PROVIDED DATA
"""
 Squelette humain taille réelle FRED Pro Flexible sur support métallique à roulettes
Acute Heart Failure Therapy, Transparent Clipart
"""
"""
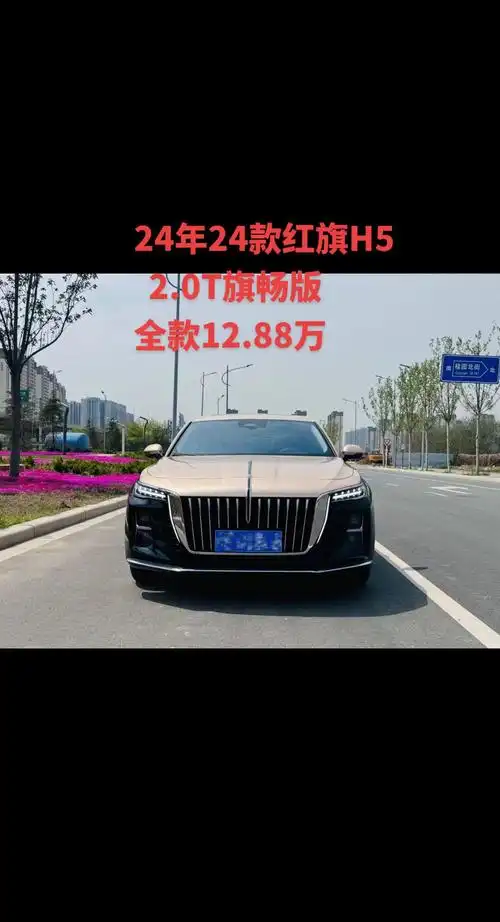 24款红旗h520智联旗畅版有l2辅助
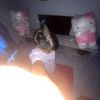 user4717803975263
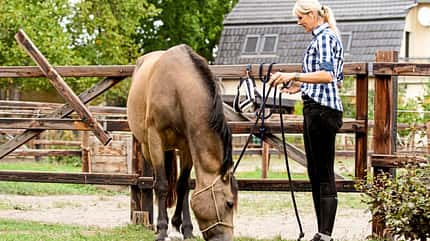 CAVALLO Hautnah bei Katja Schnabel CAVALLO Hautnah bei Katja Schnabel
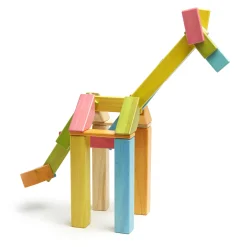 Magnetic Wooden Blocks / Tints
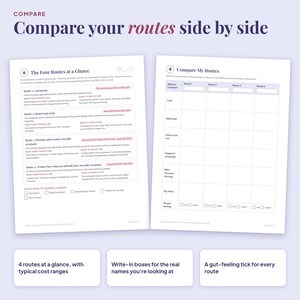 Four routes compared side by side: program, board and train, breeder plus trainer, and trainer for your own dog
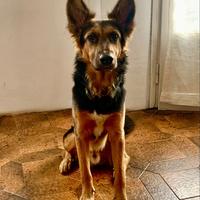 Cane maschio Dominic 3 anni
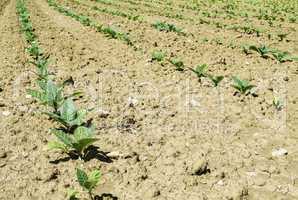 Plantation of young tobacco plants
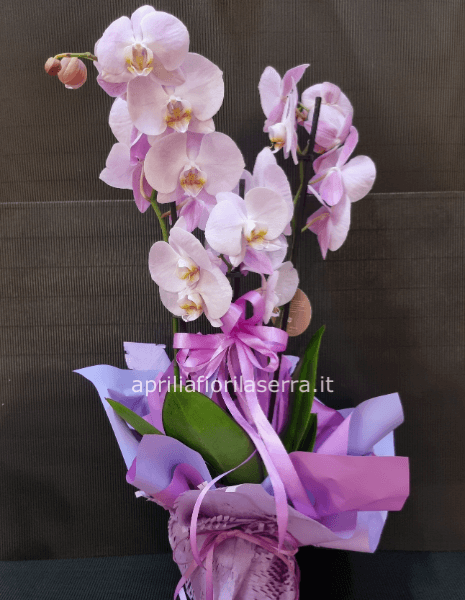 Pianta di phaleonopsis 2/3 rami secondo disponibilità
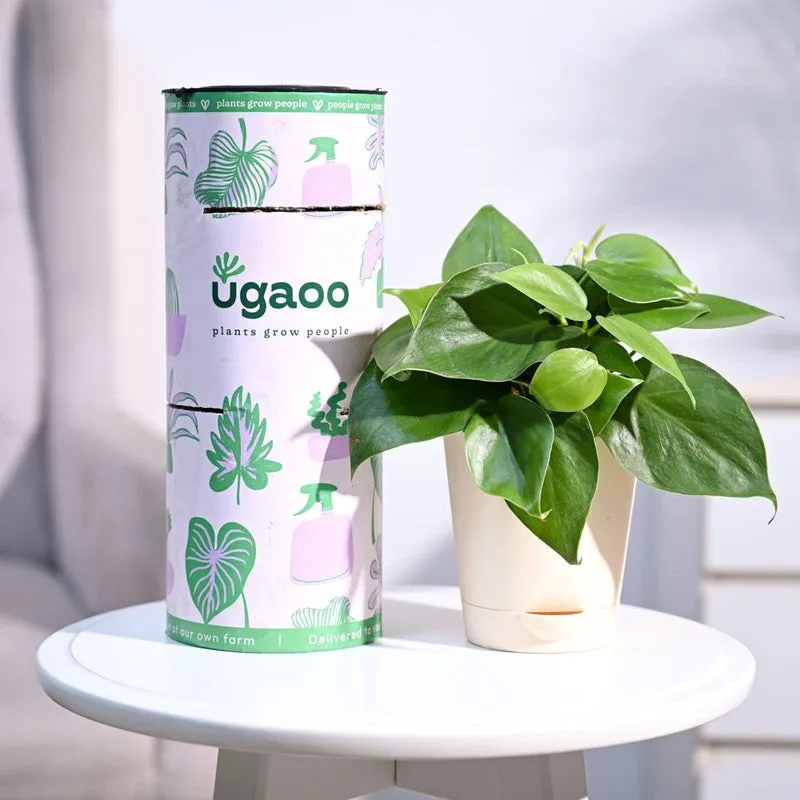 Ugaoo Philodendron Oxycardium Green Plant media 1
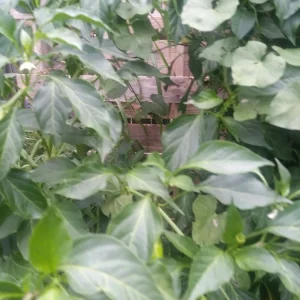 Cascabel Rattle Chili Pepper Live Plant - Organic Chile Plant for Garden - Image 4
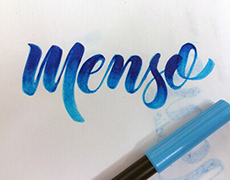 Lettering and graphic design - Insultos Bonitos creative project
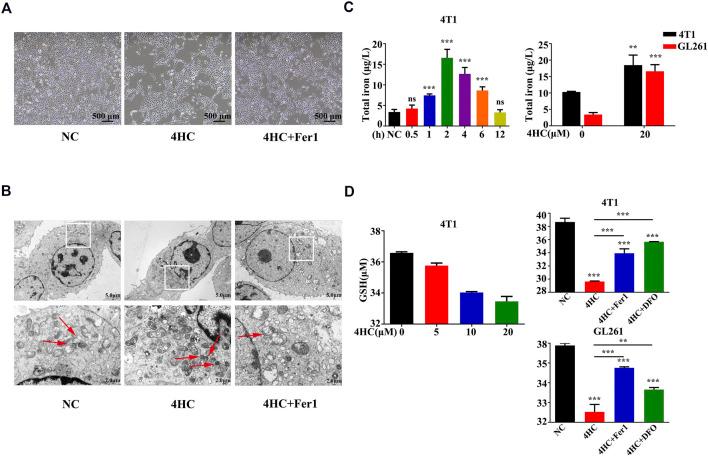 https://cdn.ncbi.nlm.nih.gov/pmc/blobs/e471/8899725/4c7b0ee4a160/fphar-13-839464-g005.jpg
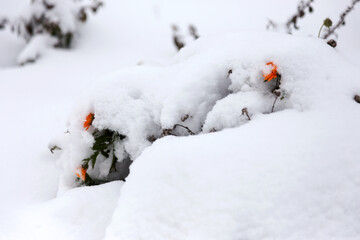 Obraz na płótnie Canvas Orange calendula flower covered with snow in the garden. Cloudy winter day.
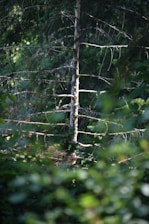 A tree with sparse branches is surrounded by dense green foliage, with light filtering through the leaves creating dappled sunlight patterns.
"""
"""
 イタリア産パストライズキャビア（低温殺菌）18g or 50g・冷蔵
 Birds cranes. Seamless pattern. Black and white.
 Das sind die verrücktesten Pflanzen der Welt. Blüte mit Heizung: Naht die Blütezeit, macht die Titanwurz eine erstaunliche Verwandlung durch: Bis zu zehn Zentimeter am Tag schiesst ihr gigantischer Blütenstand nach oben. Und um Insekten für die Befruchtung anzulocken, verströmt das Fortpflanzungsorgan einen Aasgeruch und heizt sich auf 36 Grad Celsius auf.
"""
ABOUT THIS EXERCISE
Repeat, word for word, the lines above between the line holding "Squelette humain taille" and the line holding "Acute Heart Failure", inclusive; omit everything else.

ANSWER SECTION
 Squelette humain taille réelle FRED Pro Flexible sur support métallique à roulettes
Acute Heart Failure Therapy, Transparent Clipart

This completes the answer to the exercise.